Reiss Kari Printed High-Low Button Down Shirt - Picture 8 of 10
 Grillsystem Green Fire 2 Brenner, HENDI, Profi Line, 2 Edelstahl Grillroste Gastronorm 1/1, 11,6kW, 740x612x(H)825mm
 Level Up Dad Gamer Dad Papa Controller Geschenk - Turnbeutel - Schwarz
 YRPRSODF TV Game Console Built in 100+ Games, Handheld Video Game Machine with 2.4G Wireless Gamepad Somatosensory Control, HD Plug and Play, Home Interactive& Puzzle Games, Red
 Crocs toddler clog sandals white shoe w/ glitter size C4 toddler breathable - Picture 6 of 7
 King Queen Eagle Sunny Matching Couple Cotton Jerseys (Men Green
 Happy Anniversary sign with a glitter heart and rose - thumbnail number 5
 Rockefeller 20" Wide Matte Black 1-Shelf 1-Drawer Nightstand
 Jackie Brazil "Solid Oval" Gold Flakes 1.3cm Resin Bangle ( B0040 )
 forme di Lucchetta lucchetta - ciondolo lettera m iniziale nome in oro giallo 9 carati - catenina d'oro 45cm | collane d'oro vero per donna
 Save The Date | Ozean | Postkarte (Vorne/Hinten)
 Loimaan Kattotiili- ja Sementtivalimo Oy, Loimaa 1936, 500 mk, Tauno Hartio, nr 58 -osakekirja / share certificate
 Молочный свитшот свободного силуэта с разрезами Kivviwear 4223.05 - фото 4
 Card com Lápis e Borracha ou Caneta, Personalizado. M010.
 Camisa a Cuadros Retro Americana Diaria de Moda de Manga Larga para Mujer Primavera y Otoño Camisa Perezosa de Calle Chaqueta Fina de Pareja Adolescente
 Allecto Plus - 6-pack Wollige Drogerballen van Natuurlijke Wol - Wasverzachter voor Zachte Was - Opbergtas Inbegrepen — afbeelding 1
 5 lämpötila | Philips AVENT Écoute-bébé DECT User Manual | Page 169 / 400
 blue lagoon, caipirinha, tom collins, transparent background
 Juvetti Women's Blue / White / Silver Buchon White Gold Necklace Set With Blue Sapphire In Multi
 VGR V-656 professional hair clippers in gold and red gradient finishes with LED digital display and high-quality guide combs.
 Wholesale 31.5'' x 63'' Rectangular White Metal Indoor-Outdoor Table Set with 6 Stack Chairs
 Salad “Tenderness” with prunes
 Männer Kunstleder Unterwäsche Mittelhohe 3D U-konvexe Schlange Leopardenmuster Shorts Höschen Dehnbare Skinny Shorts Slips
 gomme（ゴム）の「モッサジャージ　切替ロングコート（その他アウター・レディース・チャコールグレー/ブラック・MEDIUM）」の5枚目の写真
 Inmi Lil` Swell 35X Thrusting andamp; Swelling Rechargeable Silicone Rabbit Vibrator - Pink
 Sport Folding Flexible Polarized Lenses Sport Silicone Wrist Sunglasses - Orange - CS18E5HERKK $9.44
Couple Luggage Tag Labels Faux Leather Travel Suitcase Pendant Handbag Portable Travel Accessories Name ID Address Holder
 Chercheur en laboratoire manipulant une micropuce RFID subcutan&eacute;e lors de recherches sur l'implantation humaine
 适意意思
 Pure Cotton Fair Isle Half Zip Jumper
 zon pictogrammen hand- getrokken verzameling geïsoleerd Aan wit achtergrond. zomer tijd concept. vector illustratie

● ● ●

• _Work request_: Word for word, retype all of the material.

• _Output of the exercise_:
Reiss Kari Printed High-Low Button Down Shirt - Picture 8 of 10
 Grillsystem Green Fire 2 Brenner, HENDI, Profi Line, 2 Edelstahl Grillroste Gastronorm 1/1, 11,6kW, 740x612x(H)825mm
 Level Up Dad Gamer Dad Papa Controller Geschenk - Turnbeutel - Schwarz
 YRPRSODF TV Game Console Built in 100+ Games, Handheld Video Game Machine with 2.4G Wireless Gamepad Somatosensory Control, HD Plug and Play, Home Interactive& Puzzle Games, Red
 Crocs toddler clog sandals white shoe w/ glitter size C4 toddler breathable - Picture 6 of 7
 King Queen Eagle Sunny Matching Couple Cotton Jerseys (Men Green
 Happy Anniversary sign with a glitter heart and rose - thumbnail number 5
 Rockefeller 20" Wide Matte Black 1-Shelf 1-Drawer Nightstand
 Jackie Brazil "Solid Oval" Gold Flakes 1.3cm Resin Bangle ( B0040 )
 forme di Lucchetta lucchetta - ciondolo lettera m iniziale nome in oro giallo 9 carati - catenina d'oro 45cm | collane d'oro vero per donna
 Save The Date | Ozean | Postkarte (Vorne/Hinten)
 Loimaan Kattotiili- ja Sementtivalimo Oy, Loimaa 1936, 500 mk, Tauno Hartio, nr 58 -osakekirja / share certificate
 Молочный свитшот свободного силуэта с разрезами Kivviwear 4223.05 - фото 4
 Card com Lápis e Borracha ou Caneta, Personalizado. M010.
 Camisa a Cuadros Retro Americana Diaria de Moda de Manga Larga para Mujer Primavera y Otoño Camisa Perezosa de Calle Chaqueta Fina de Pareja Adolescente
 Allecto Plus - 6-pack Wollige Drogerballen van Natuurlijke Wol - Wasverzachter voor Zachte Was - Opbergtas Inbegrepen — afbeelding 1
 5 lämpötila | Philips AVENT Écoute-bébé DECT User Manual | Page 169 / 400
 blue lagoon, caipirinha, tom collins, transparent background
 Juvetti Women's Blue / White / Silver Buchon White Gold Necklace Set With Blue Sapphire In Multi
 VGR V-656 professional hair clippers in gold and red gradient finishes with LED digital display and high-quality guide combs.
 Wholesale 31.5'' x 63'' Rectangular White Metal Indoor-Outdoor Table Set with 6 Stack Chairs
 Salad “Tenderness” with prunes
 Männer Kunstleder Unterwäsche Mittelhohe 3D U-konvexe Schlange Leopardenmuster Shorts Höschen Dehnbare Skinny Shorts Slips
 gomme（ゴム）の「モッサジャージ　切替ロングコート（その他アウター・レディース・チャコールグレー/ブラック・MEDIUM）」の5枚目の写真
 Inmi Lil` Swell 35X Thrusting andamp; Swelling Rechargeable Silicone Rabbit Vibrator - Pink
 Sport Folding Flexible Polarized Lenses Sport Silicone Wrist Sunglasses - Orange - CS18E5HERKK $9.44
Couple Luggage Tag Labels Faux Leather Travel Suitcase Pendant Handbag Portable Travel Accessories Name ID Address Holder
 Chercheur en laboratoire manipulant une micropuce RFID subcutan&eacute;e lors de recherches sur l'implantation humaine
 适意意思
 Pure Cotton Fair Isle Half Zip Jumper
 zon pictogrammen hand- getrokken verzameling geïsoleerd Aan wit achtergrond. zomer tijd concept. vector illustratie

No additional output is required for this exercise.